NeXus path’s: pni::nexus::Path

Until now we discussed only the basic properties of a NeXus path. As these paths are rather powerful tools this chapter is entirely dedicated to such paths.

The structure of a Nexus path

In comparison to a plain HDF5 path the NeXus path as provided by libpniio has to additional features

  • it includes the name of the file and thus could be used by command line programs to entirely determine the location of an object

  • it is able to address attributes (hdf5::Path can only address node objects within a file).
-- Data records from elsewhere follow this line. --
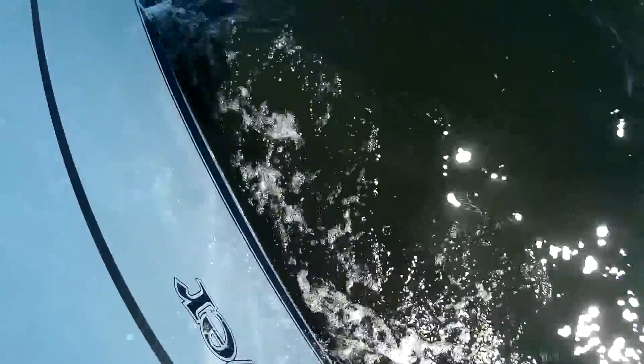I took the opportunity to play with my waterproof camera again, getting some shots of the hull. The water's pretty murky, but it was interesting nonetheless.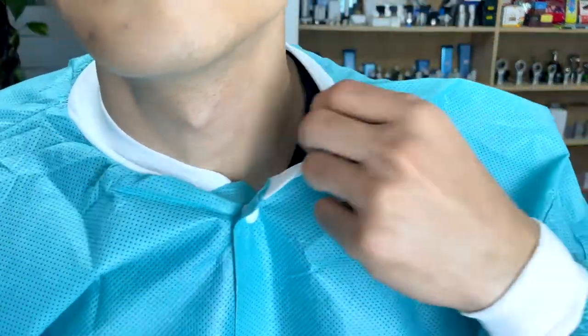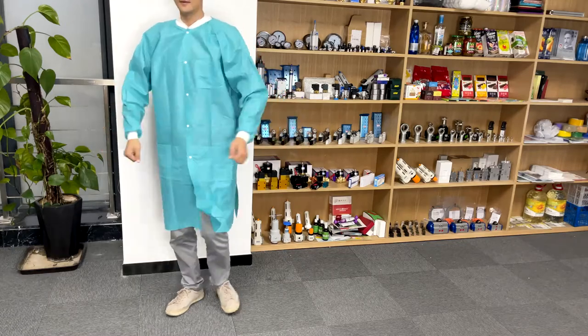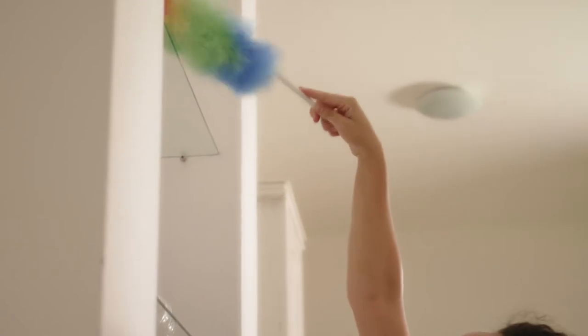Disposable clothing covers your body and clothing, and creates a physical barrier to the transfer of dust and other materials. Available in different sizes. Frequently used in many industrial applications such as cleaning, painting and more.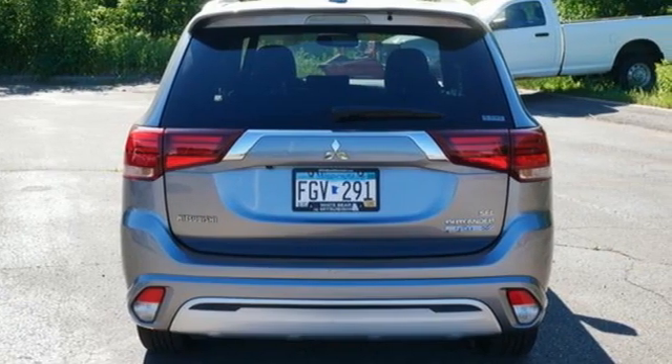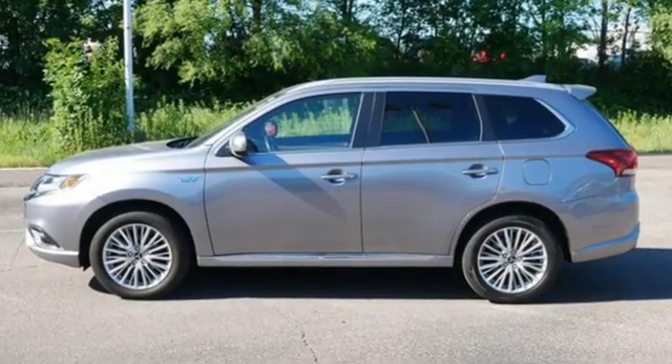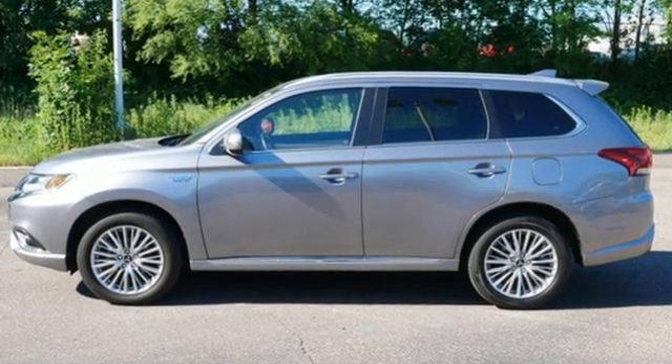Get into something different. Mitsubishi has what you're looking for. The time is now. See it for yourself today.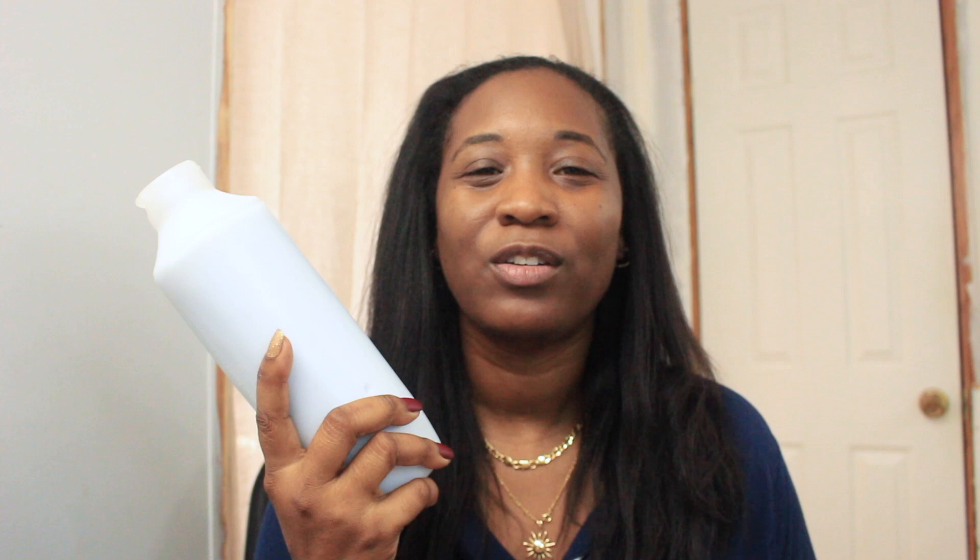Today is our first wash day after the relaxer. You guys know I have a whole routine for my first wash day after a relaxer to prevent damage. So let me show you the products I'm going to use. The first product I love to use is my homemade deep conditioner — this is years in the making. I have been making this for over 10 or 11 years.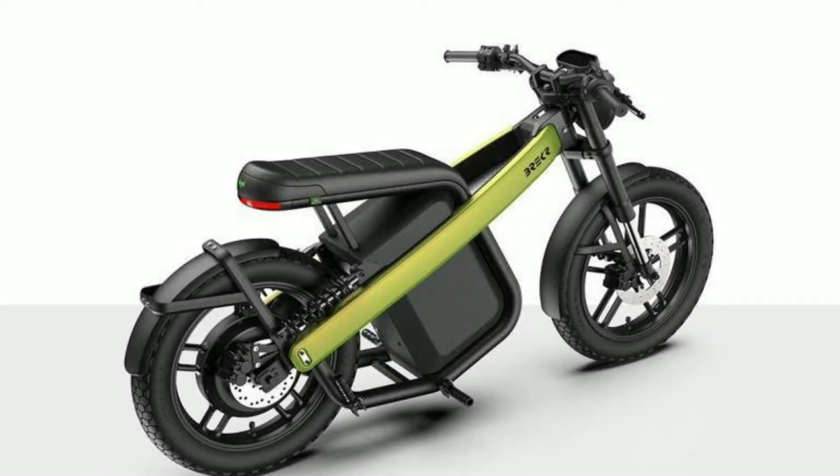Dutch startup company Breaker has introduced its first electric bike, which is quite different from existing bikes and is very light. The weight of this bike is only 62 kilograms, making it very easy to drive and control. This bike from the Dutch company can be launched in India in the coming time; currently, the Breaker bike has been introduced to the world.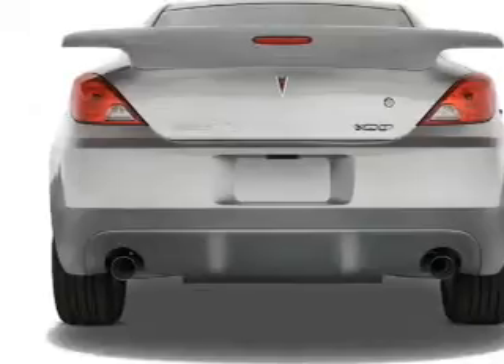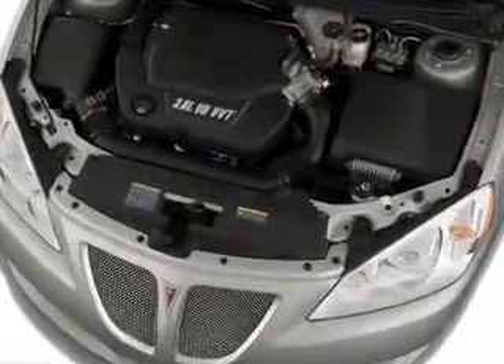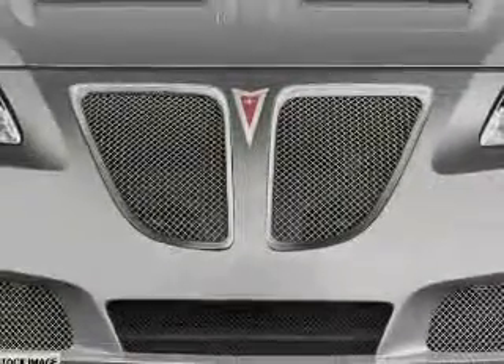Inside you'll find an auxiliary input, steering wheel controls, curtain head airbags, front airbags, side airbags, child safety locks, and cruise control.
To describe the anatomy of a NeXus path in libpniio we consider the following example

/home/user/data/experiment.nxs://run_001:NXentry/:NXinstrument/:NXdetector/data@units

where we can identify all three sections comprising a libpniio NeXus path

  • file section - /home/user/data/experiment.nxs:/

  • node section - /run_001:NXentry/:NXinstrument/:NXdetector/data

  • attribute section - units

In more detail these three sections describe

Section

Description

file section

which references the NeXus-file on the file system. It must thus be a valid file system path on the operating system platform in use.

node section

describing the location of an node within the file

attribute section

referencing an attribute attached to the object pointed to by the residual path. The attribute is identified by its name.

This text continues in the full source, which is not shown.